# Introduction to Database Design
---------------------------------------------------------------------------------------------------------

In our previous session on databases, we introduced some of the fundamental concepts and definitions applicable to databases in general, along with a brief intro to SQL and SQLite in particular. Some use cases and platforms were also discussed.

In this session, we are going to dig a little deeper into databases as representions of systems and processes. A database with a single table may not feel or function much differently from a spreadsheet. Much of the benefit of using databases results from designing them as models of complex systems in ways that spreadsheets just can't do:

* Inventory control and billing
* Human resources
* Blogs
* Ecosystems

For this session we are also going to play as we go, so let's begin by installing and importing the SQLAlchemy library.

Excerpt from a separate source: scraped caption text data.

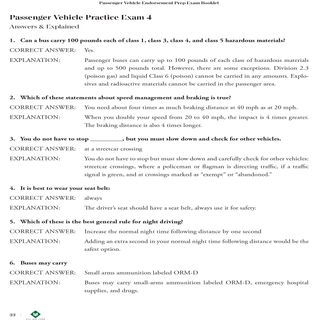 CDL PREP EXAM : PASSENGER ENDORSEMENT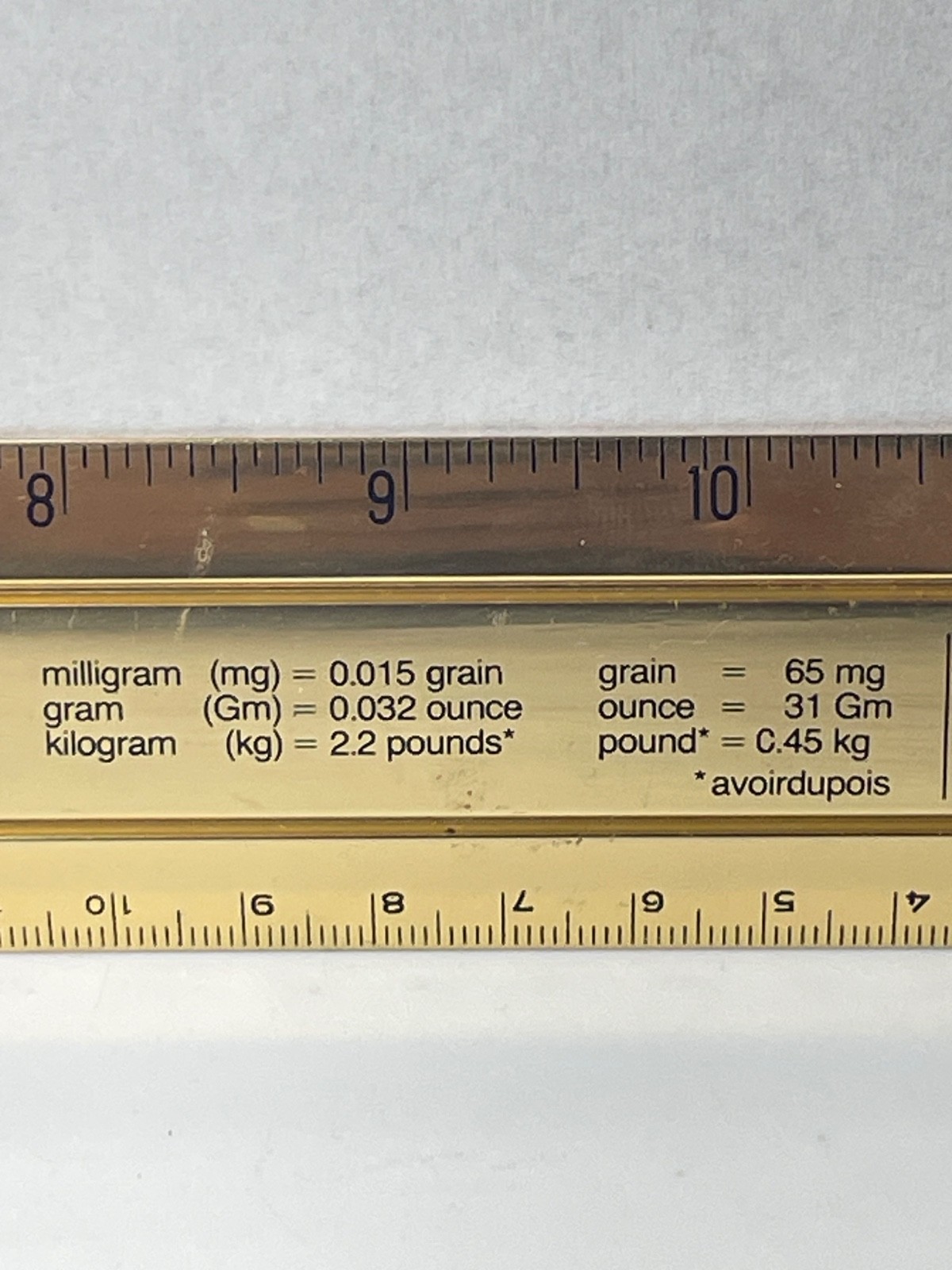 VINTAGE RITALIN CIBA 12″ METAL RULER! mm/METRIC CONVERSIONS! GOLD COLOR METAL!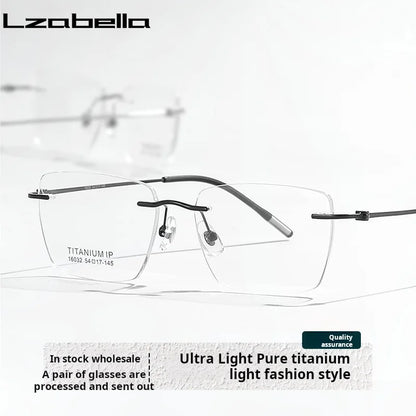 Lzabella Titanium Rectangular rimless Eyeglasses Frame Simple And Stylish Men and Women Lightweight Frameless Glasses 1603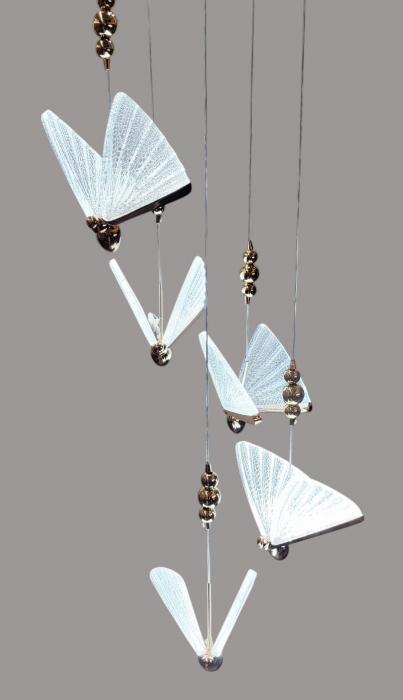 Lustră 985/5 Fluture, LED reglabil, 5 pendule aurii [3]
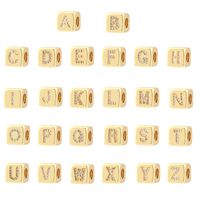 1 Piece Diameter 9mm Copper Zircon 18K Gold Plated Letter Polished Beads Chain main image 8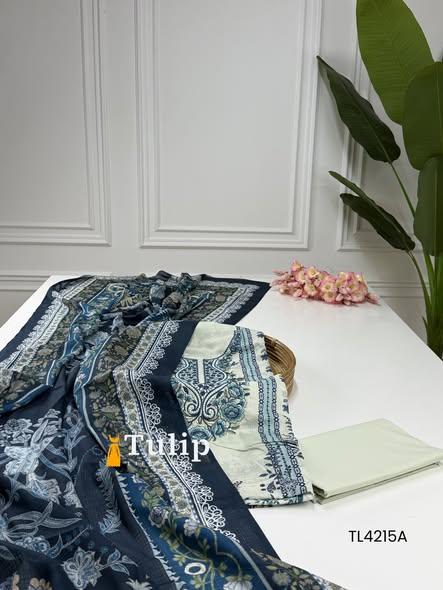 Embroidered Soft Cotton Lawn Dresses - TL4215 Color image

This provides an interface to Python's sqlite3 module.

### Install and load SQLAlchemy

In [2]:
#!pip3 install sqlalchemy
#!pip install sqlalchemy

In [3]:
import sqlalchemy

In [4]:
# Some info links:

# https://www.datanamic.com/support/lt-dez005-introduction-db-modeling.html
# https://www.datanamic.com/support/database-normalization.html
# https://www.fullstackpython.com/databases.html
# https://www.sqlalchemy.org/
# https://opentextbc.ca/dbdesign01/chapter/chapter-8-entity-relationship-model/
# https://www.tutorialspoint.com/dbms/er_model_basic_concepts.htm

# Use field notes for examples
# https://www.biodiversitylibrary.org/
# https://www.biodiversitylibrary.org/bibliography/146255#/summary
# https://www.biodiversitylibrary.org/item/246338#page/1/mode/1up

In [5]:
from sqlalchemy import create_engine

In [6]:
engine = create_engine('sqlite:///:memory:', echo=True)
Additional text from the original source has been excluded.